Should China revalue its currency, the huge inflow of its goods to the United States would become more costly for U.S. consumers and companies, potentially ramping up inflation, which could hurt corporate profits and stock prices.
Ah! They see part of the trap! We can't go somewhere cheaper to buy whatever since almost all the whatevers are being made in China now. So it won't be cheaper. And a much stronger yuan means they can outbid us for oil and note how the stock market rises and falls in tandem with the oil see saw. Oil up/stocks down, oil down/stocks up. Add to that the inflation see saw and we get this four way rocking motion: oil up/inflation up/stocks down, etc. Of course, this latest see sawing has been produced by rank lying with the Feds crowing about no inflation when there certainly was inflation.
Back to the Chinese:
"The last thing the Chinese like is to come across as being bullied into making a decision," said one strategist, who preferred not to be named "It usually backfires."

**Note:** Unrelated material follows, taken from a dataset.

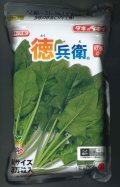 [ほうれんそう]　徳兵衛　3万粒(種子サイズ：M)　タキイ種苗(株)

But stocks rose sharply after the announcement on Tuesday and continued their gains on Wednesday, when the Dow closed at a one-month high. Wednesday's rise was spurred mainly by other factors such as lower oil prices and tame inflation data, but the gains illustrate the lack of concern by equity investors.
OK. Who is the cowardly "strategist"? Greenspan? Seriously. Reuters, please, if you must quote people, call me. Or email me at email@example.com. I will be thrilled to clue you in on these matters.
Anthony Chan, managing director and senior economist at JPMorgan Asset Management, argues that a revaluation could nudge up prices, ultimately meaning the Federal Reserve needs to push up interest rates to battle inflation.
"The news on the Chinese front is good for the U.S. economy, but I remember just a short time ago that good news for the U.S. economy wasn't necessarily good news for the equity market," Chan said.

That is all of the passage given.